Now I’m coming home from my meeting with Brooke and bump into Judy, someone who currently lives in my building.  She says, “Did you lose a lot of weight?  You look amazing.”  I tell her yes, and she wants to know how.  By the end of our conversation, I may even have convinced her to come to a meeting.

I get home and as I’m unlocking the door to my apartment, my neighbor Linda (who lives on my floor and whom I see all the time) appears to notice my transformation for the first time.   “You look UN-BE-LIEVE-A-BLE.”  She says it just like that.  As if she is back in elementary school being asked to sound out a word.  And then she adds, “Even your face looks so much better.  You don’t have any bags under your eyes.  And you don't look haggard.  You lost the weight in exactly the right places, but I never even saw you as overweight.”

I know I’m going to miss not being newly thin.  I haven’t received compliments in so long, and I am now getting so many.  And they never ever get tiresome.

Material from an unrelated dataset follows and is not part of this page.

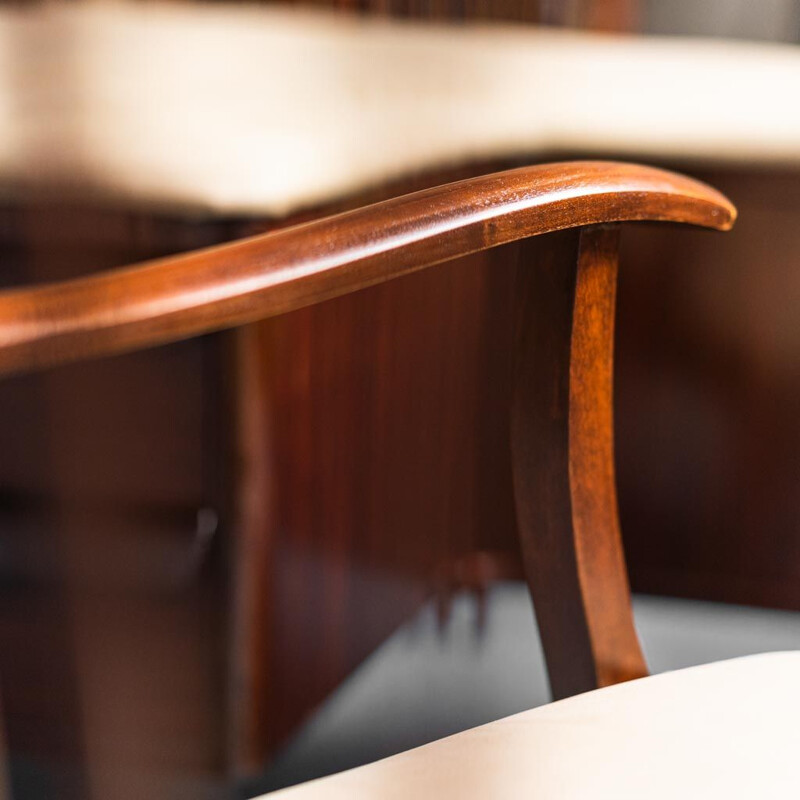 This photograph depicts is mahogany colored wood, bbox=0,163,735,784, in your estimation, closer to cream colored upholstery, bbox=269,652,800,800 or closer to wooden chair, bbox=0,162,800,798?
wooden chair, bbox=0,162,800,798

Oh, and I almost forgot.  When I got to my meeting with Brooke at Starbucks, Derek Jeter is there getting coffee.  When I later tell this to Alexander, he asks if Jeter said anything about  my weight loss.  Nope; not a word.

me and rules (lyn)

I’m a great follower of rules.  Assuming I understand them. Or more specifically, assuming I understand and agree with them.

I was an all A student in High School and through most of college.  The rules were simple --- study hard and you will get good grades. I did and I did.

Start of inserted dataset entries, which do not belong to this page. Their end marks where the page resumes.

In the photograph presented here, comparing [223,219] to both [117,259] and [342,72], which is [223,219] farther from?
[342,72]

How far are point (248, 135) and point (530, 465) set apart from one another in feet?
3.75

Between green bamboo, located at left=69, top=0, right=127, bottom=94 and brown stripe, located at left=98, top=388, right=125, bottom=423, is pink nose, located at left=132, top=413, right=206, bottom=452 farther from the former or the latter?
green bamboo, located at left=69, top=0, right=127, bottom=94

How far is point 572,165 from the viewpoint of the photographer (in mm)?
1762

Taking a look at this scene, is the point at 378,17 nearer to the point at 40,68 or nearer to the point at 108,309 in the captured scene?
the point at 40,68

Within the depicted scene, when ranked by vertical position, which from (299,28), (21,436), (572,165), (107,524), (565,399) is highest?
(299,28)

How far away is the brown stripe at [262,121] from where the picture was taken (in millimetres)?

At most of the jobs I’ve had, the goals have been clearly laid out.  Achieve these goals and you’ll do well.   If only it had been that easy. Office politics are a big factor in moving from here to there.  When I work for someone smart and talented, I’m a star.  When I work for someone who’s not, I cannot shine.  I question too much, and develop a reputation for being difficult.  Or even worse.  I would never be described as a going-with-the flow kind of person.

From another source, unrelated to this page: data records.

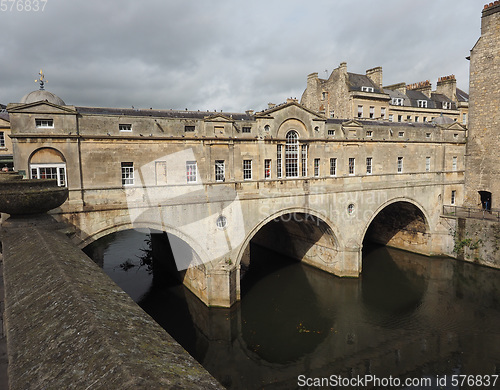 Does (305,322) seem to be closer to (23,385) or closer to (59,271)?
(59,271)

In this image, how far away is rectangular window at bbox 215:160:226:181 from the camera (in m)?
19.8

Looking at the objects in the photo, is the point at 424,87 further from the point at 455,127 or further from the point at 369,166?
the point at 369,166

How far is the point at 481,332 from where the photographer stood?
1778 centimetres

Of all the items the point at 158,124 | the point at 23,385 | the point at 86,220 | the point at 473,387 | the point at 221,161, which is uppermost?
the point at 158,124

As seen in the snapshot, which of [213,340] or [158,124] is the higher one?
[158,124]

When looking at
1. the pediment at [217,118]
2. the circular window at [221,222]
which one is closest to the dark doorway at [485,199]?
the circular window at [221,222]

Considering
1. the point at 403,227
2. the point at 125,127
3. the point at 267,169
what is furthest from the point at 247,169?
the point at 403,227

WeightWatchers, like any diet program, is filled with rules.  But the rules make sense, are effective, and can be easily followed.  Track your points.  Stay within them.  And you will loose weight.  That’s why I love this program.  Everything has been meticulously and brilliantly thought out and tested.   The program offers flexibility, provides support, and is easy to accomplish.  I follow the rules exactly as presented; I take no shortcuts;  and I’m rewarded with a 40-pound weight loss.

Current Employment
Now we get to the US Census Bureau, a federal agency, with rules for everything.  There’s a hierarchy that’s mind-boggling.  For example, my boss Brooke is a crew leader.  She’s early 20's, adorable, smart, reasonable, cool, and an absolute pleasure to work with.  Her boss, Cody, is made for a bureaucratic job.  Enough said.  The other day I was planning to meet with Brooke.  When I showed up, she happened to be sitting at a table with Cody.  I said to him, “Oh, while you’re here, I want to ask you a  couple of questions.”  In a very serious tone he said, “Direct all your questions to Brooke.”  Yesterday I ended up in a conversation with a peer of Cody’s on the phone.  I found her belligerent and unhelpful.  Not only that, she was giving me information that directly contradicted what I’d already been told.  When I questioned it, she became more indignant, as in, “Who are you to me questioning me?”  In real life, I’d probably be her boss five times removed.  She reported me to Cody as “very rude” and today Cody met with me to discuss this situation.  I offered to quit, but he said that wasn’t necessary (of course not;  I'm probably one of his biggest producers).  The end result, “Please don’t’ call anyone at the main office, and only deal with Brooke.”  With pleasure, I thought and said.

I am doing this job solely for the money.  I would clearly not be a good government worker.  The Codies of the world best perform these kind of jobs.